Try it: Search the records for the string "viewer". Copy each line where it occurs.

Material for this exercise:

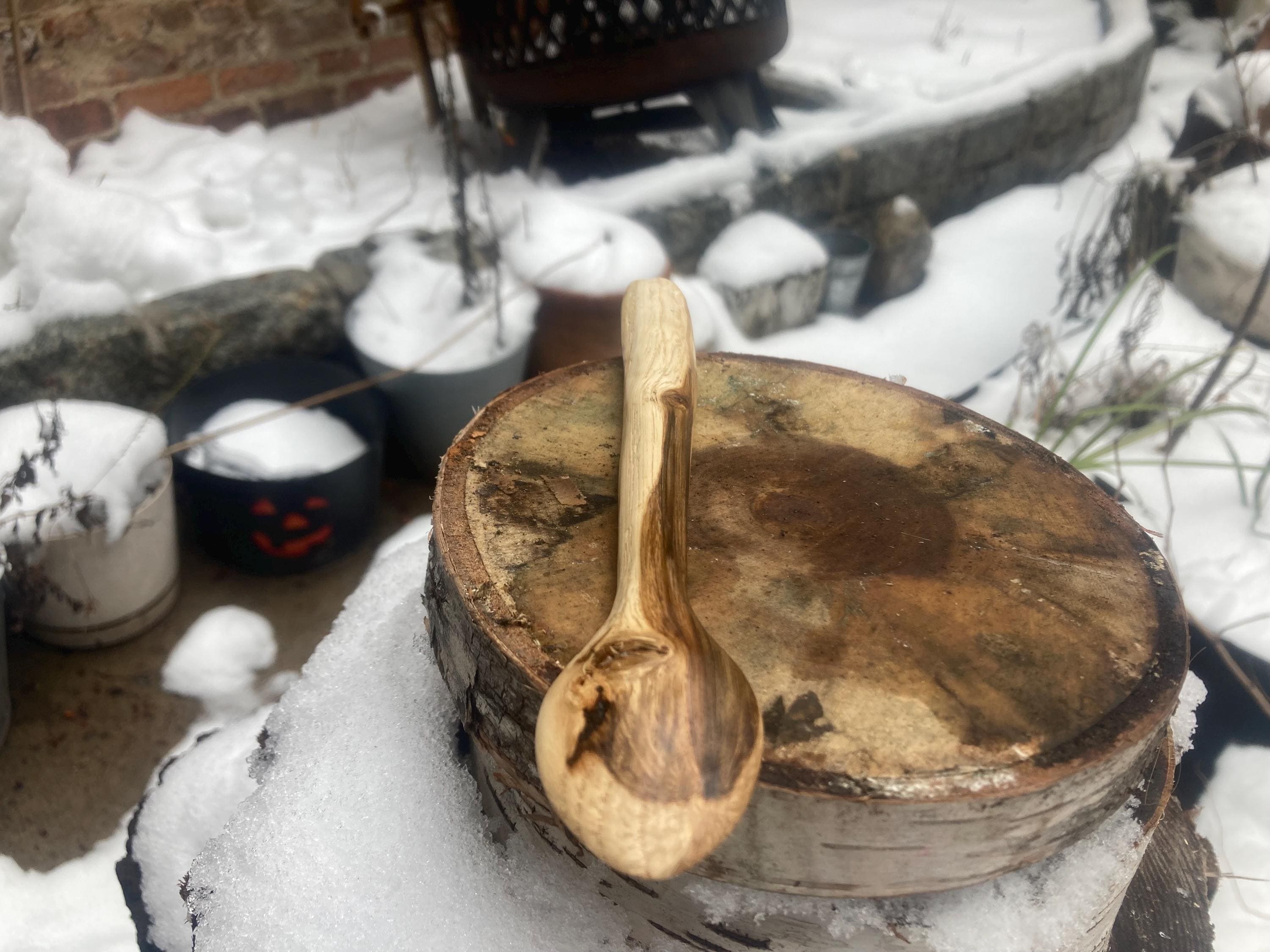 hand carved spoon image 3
--
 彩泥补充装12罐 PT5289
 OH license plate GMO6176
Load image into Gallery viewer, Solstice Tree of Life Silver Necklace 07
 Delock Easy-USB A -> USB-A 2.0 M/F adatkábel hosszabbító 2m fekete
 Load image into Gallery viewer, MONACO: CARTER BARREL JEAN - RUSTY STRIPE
...
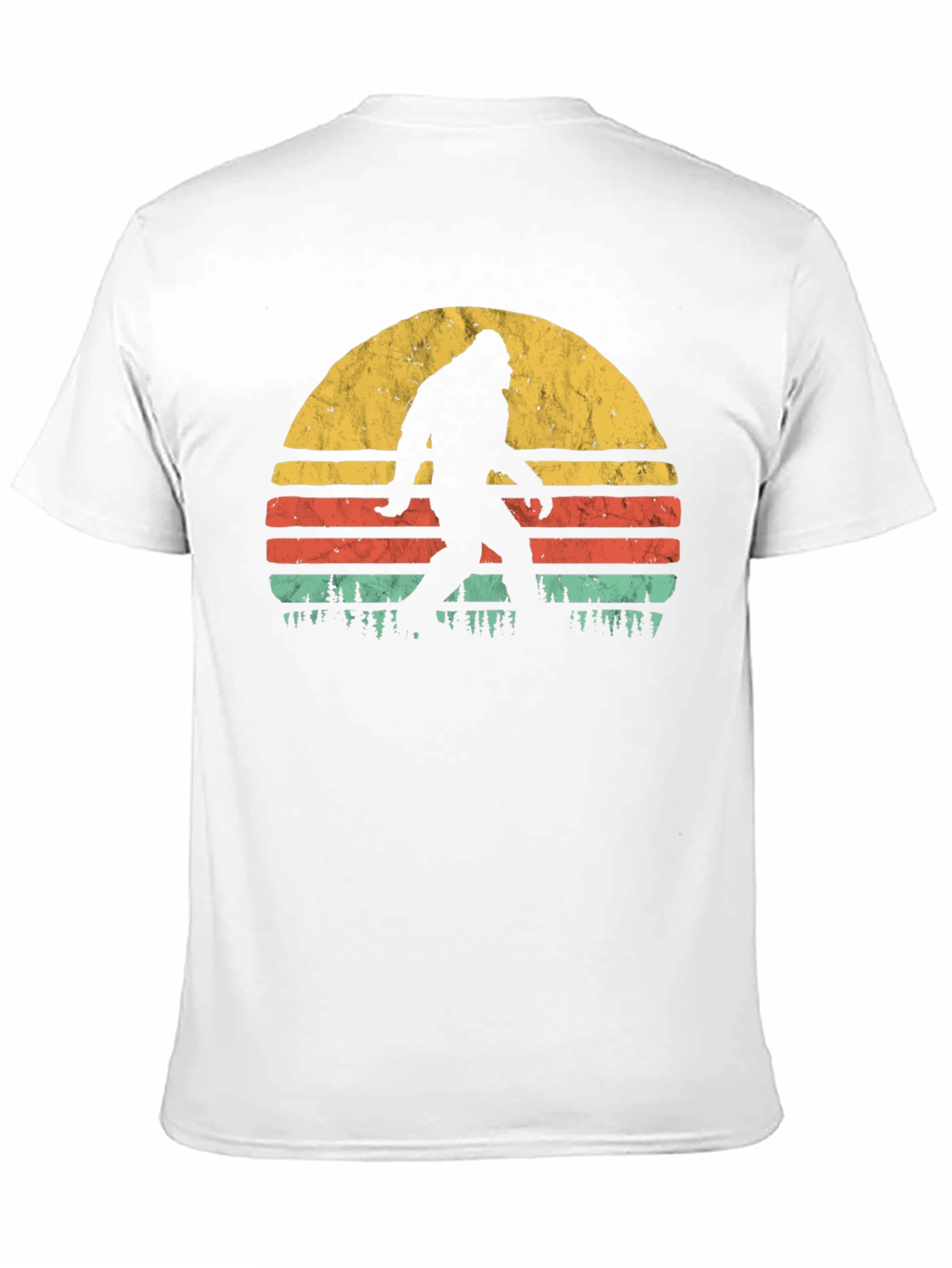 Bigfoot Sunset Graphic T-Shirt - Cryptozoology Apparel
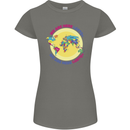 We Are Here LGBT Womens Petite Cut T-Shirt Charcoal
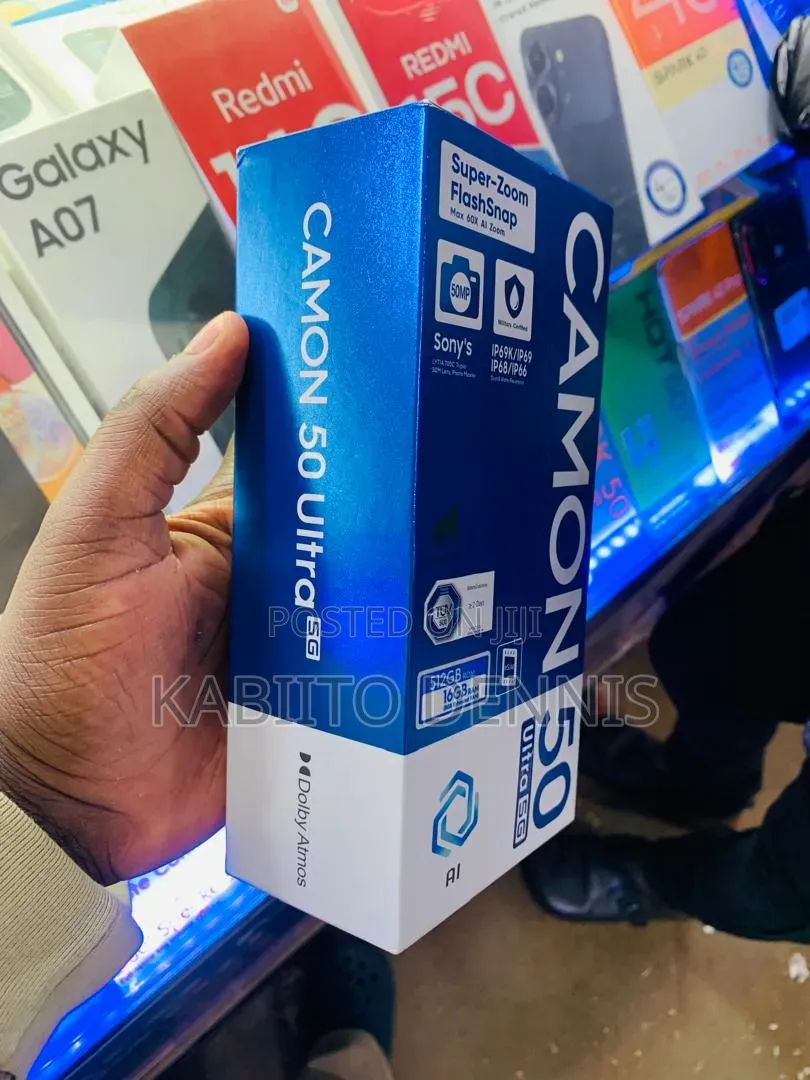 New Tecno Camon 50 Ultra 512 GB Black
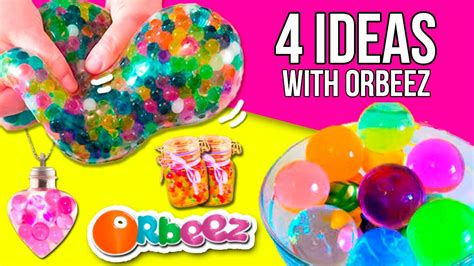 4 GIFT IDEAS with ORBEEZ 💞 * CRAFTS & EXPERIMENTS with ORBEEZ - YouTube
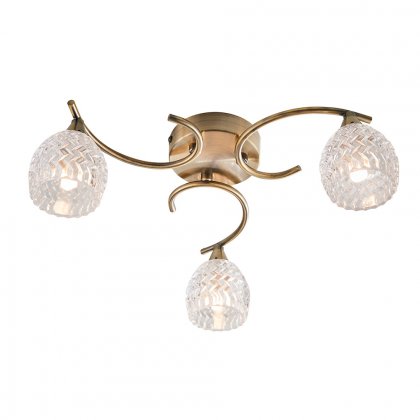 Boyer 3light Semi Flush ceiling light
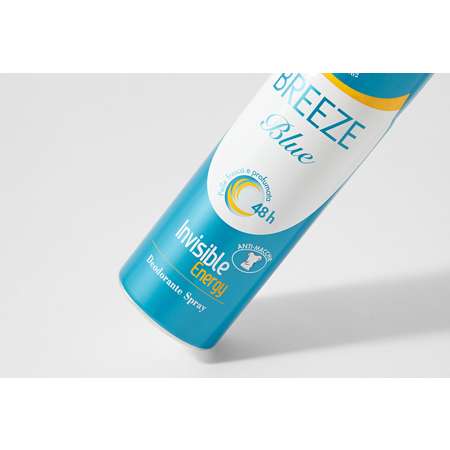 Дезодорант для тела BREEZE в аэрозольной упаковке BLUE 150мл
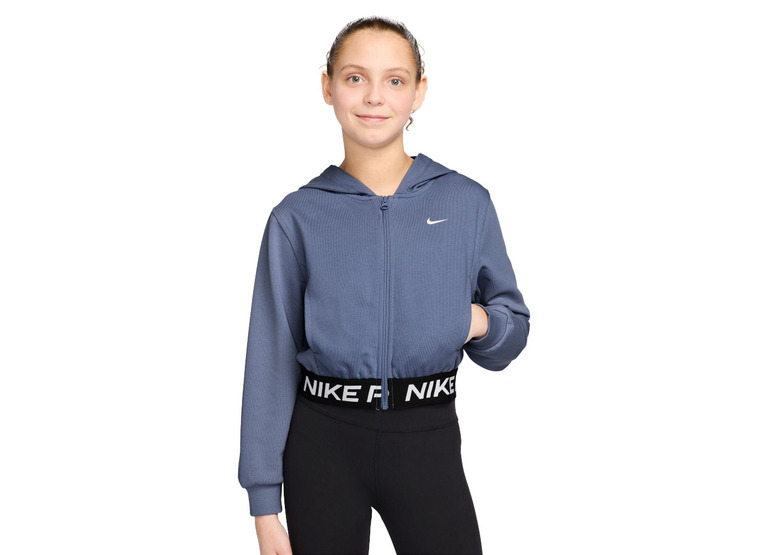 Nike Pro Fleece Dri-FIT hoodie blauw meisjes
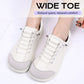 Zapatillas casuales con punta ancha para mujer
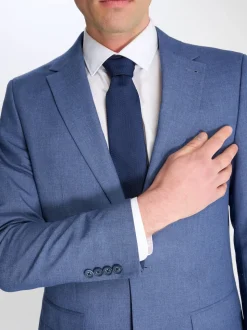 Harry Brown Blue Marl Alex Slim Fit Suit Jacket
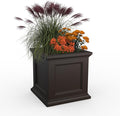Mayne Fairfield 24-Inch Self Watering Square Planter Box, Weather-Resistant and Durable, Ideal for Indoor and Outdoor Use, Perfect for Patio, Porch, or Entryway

Expected output:
Load image into Gallery viewer, Solstice Tree of Life Silver Necklace 07
 Load image into Gallery viewer, MONACO: CARTER BARREL JEAN - RUSTY STRIPE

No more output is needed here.